Note: The rules and law may have changed since this article was first published. It is provided for archival purposes but you should consult with your lawyer for the current state of the law

Recent regulatory changes by the British Columbia Securities Commission (the “BCSC”) reflect a shift in the weather for exempt market financings in BC. It seems that while a large part of the rest of the country is attempting to find more harmony in securities regulation, the BCSC has taken steps in the other direction. This post, which is Part 1 of a 3-part blog, will explore one of those steps.

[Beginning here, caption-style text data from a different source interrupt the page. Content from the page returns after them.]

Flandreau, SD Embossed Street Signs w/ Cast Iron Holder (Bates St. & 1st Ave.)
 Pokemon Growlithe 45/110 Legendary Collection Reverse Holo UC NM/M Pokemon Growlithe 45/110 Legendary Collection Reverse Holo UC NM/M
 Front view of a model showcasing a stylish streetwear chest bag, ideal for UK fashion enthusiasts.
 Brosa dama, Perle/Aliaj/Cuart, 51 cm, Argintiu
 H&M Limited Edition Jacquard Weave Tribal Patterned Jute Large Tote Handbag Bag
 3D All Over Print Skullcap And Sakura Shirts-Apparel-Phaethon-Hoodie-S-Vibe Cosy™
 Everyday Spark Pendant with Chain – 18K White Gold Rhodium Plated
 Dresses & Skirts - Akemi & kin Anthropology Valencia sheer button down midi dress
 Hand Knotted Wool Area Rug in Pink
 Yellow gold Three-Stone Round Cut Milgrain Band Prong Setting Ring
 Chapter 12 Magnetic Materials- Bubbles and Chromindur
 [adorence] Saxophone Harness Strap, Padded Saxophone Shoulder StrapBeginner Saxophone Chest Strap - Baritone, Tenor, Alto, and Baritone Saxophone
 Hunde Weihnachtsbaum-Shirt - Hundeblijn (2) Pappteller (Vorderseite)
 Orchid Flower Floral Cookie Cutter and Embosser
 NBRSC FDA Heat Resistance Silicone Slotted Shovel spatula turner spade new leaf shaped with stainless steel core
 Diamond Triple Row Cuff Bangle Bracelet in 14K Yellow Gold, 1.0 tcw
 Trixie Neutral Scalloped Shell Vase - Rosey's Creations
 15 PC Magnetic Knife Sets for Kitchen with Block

By way of background, the “exempt market” provides companies with an alternative to costly and complicated prospectus offerings by allowing them to raise capital pursuant to certain statutory exemptions from the prospectus and registration requirements. These exemptions are found in National Instrument 45-106 (“NI 45-106”), which has been adopted in all provinces and territories across Canada. According to NI 45-106, the company selling its securities (the “Issuer”) must file a form or “report of exempt distribution” (“Form 45-106F1”) in each province where it raised money, which sets out, among other things, the exemption relied upon by each subscriber.

Form 45-106F1 was used universally across Canada until recently when the BCSC adopted a new form called Form 45-106F6: British Columbia Report of Exempt Distribution (“Form 45-106F6”). This new form requires Issuers seeking to raise capital in BC by way of prospectus exemption to provide additional disclosure regarding insiders, promoters, registrants and finders, which is not required by Form 45-106F1 (note that investment funds and certain foreign public reporting companies have received an exemption from this new form and may continue to use Form 45-106F1).

In addition to the new form, the BCSC proposed that the content of each Form 45-106F6 be published on the BCSC website. In response to privacy complaints, the BCSC tapered this proposal somewhat, but certain information is still available to the public and the media. More will be said about this in Part 3.

Form 45-106F6 is the result of an initiative by the BCSC to try and improve investor protection. Securities sold in the exempt market are high-risk investments and the increased disclosure now required by the BCSC is an attempt to mitigate those risks on behalf of BC residents.

Arguments can be made that the more information obtained, the better protected investors will be; however the new form 45-106F6 may have two notable consequences:

  • First, if an Issuer sells its securities to residents of BC and residents of any other province or territory in Canada, it will now have to complete two different forms and file 45-106F6 in BC and 45-106F1 everywhere else. While this may be seen as more of an annoyance than anything, it may cause delays (it may take time for the Issuer to gather and provide its counsel with the additional information required by form 45-106F6) and additional costs (as the Issuer’s counsel has to complete a second form).
  • Second, private companies are now required to disclose a level of information about insiders and promoters (which will thereafter be made available to the public) that is similar to that required of public companies. These additional requirements may be perceived as too onerous for a private company to satisfy or, more likely, an undesirable level of disclosure for a private company to make. Either way, the new form may result in private companies looking outside BC to raise capital.